Lately, mall developers can’t stop talking about their projects’ public spaces. And fashion brands opening stores seem more excited about their decor than their product selection. As the physical retail landscape evolves, there’s been an overall shift away from product. Brands are working to strike the right space-product balance, but doing so takes time many can’t afford. 

This week alone, bra brand Lively opened a U.S. store in Austin, forfeiting rack space in favor of chairs, sofas and plants. Founder Michelle Cordeiro Grant said a main goal was to create a gathering place for women. Likewise, contemporary Scandi brand Ganni opened a nearly-3,000-square-foot store in London’s Soho neighborhood, meant to be a place where people would want to hang out, according to the company’s founders. Between the striking artwork and color-blocked walls, there’s a large table featuring a single pair of boots, tall cases housing just one accessory per shelf, and racks in select nooks and corners holding about a dozen pieces each. 

The idea has been gaining traction. Eileen Fisher opened a store built on the concept last August, aptly naming it Making Space. 

And it’s a trend that spans stores and shopping centers. Stenn Parton, chief retail officer of developer DJM, which this month acquired with Gaw Capital L.A.’s expansive Hollywood & Highland shopping center, said that today, public space is needed to make a project a success. 

“It gives us the ability to drive foot traffic through [event] programming that connects with the local culture,” he said. “And then your customer becomes your greatest sales force, taking photos for their own social network to tell people where they are and what they’re doing.

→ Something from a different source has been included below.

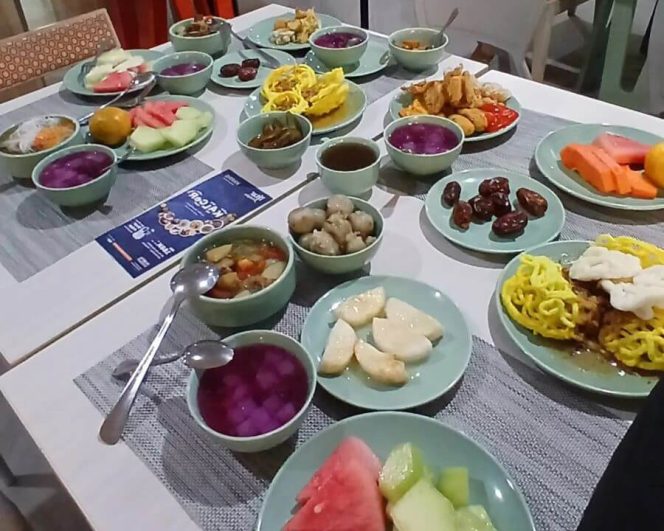 HARRIS Ciumbuleuit Bandung menghadirkan promo iftar terbaru bertajuk “Ramadan Kalcer – Bukber Sawaregna!”.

That’s powerful; you can’t replicate that any other way.”

Melissa Gonzalez, founder and CEO of retail consulting firm The Lionesque Group, echoed the notion that creating a stage for content production is at the core of building space into a retail destination. “Brands want to offer a human connection and to build a community of ambassadors, who are often the strongest channel for brand awareness and growth,” she said. “Experiences are good for driving engagement, and engagement drives sales conversion.”

Gonzalez said she’s seeing demand from brand clients when thinking through square footage of pop-ups and stores for features not focused on product, namely flex event spaces, food and beverage stations, and offerings centered on services.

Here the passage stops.